# Thread: Kernels and homomorphism of groups

1. ## Kernels and homomorphism of groups

Let $(G,*)$ and $(H, \circ)$ be any two groups, and let $f:G$ x $H \rightarrow \ G$ be given by $f(g,h) = g$. Prove that f is a homomorphism of groups and give ker f.

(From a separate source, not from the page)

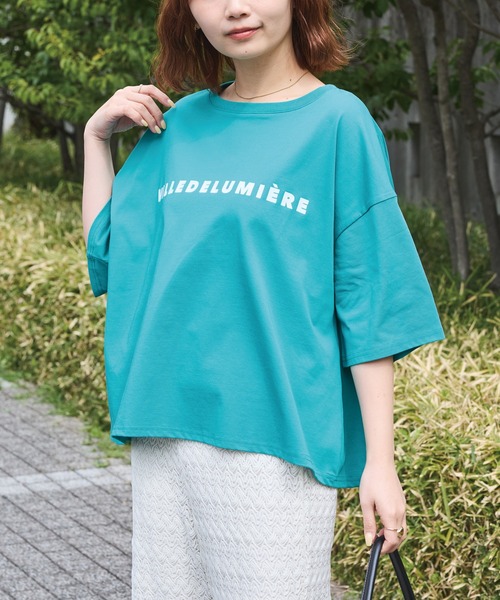 LAVEANGE（ラビアンジェ）の「【好機能シリーズ】接触冷感・吸水速乾・UVカット｜フロッキーロゴTシャツ｜夏も快適/大人カジュアル/オーバーサイズ/体型カバー（Tシャツ/カットソー・レディース・ブラック/グリーン/オフホワイト・5L/4L/3L/LL/M）」の13枚目の写真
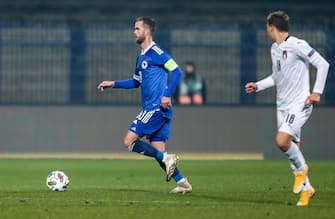epa08828051 Miralem Pjanic (L) of Bosnia and Hercegovina in action against Nicolo Barella (R) of Italy during the UEFA Nations League, League A, group 1 soccer match, between Bosnia and Herzegovina and Italy in Sarajevo, Bosnia and Herzegovina, 18 November 2020.  EPA/FEHIM DEMIR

2. we show it is a homomorphism.
Let $(g_1,h_1),(g_2,h_2) \in G \times H$
$f((g_1,h_1)(g_2,h_2))=f((g_1 * g_2, h_1 \circ h_2))=g_1 * g_2 = f((g_1,h_1))*f((g_2,h_2))$

$Ker(f) = \{(g,h)\in G \times H | f(g,h) = 0 \} = \{(g,h)\in G \times H | g=0 \}= \{0\} \times H$

3. Originally Posted by funnyinga
Let $(G,*)$ and $(H, \circ)$ be any two groups, and let $f:G$ x $H \rightarrow \ G$ be given by $f(g,h) = g$. Prove that f is a homomorphism of groups and give ker f.
let $(a,b),(c,d) \in G \times H$

Then

$
f[(a,b)\cdot(c,d)]=f[(a*c,b\circ d)]=a*c=f[(a,b)]*f[(c,d)]
$

So f is a homomorphism

ker(f) is the set of all elements that get mapped to 0

since the 2nd coordinate does not affect the immage of f

$ker(f)=\{ (0,b):b \in H\}$

4. ## Generalization

I was just thinking it might be of interest to you to note that this same concept can be generalized to multiple products and considering the mapping $\pi_i : G_1 \times G_2 \times ... \times G_n \rightarrow G_i$ by $\pi_i(g_1, g_2,..., g_i,..., g_n) = g_i$

This is a homomorphism and the kernel of this is $G_1 \times G_2 \times ... \times \{0\} \times G_{i+1} \times ... \times G_n$. And if you apply the first isomorphism theorem you know that $\frac{G_1 \times G_2 \times ... \times G_n}{ker(\pi_i)} \cong Im(\pi_i) = G_i$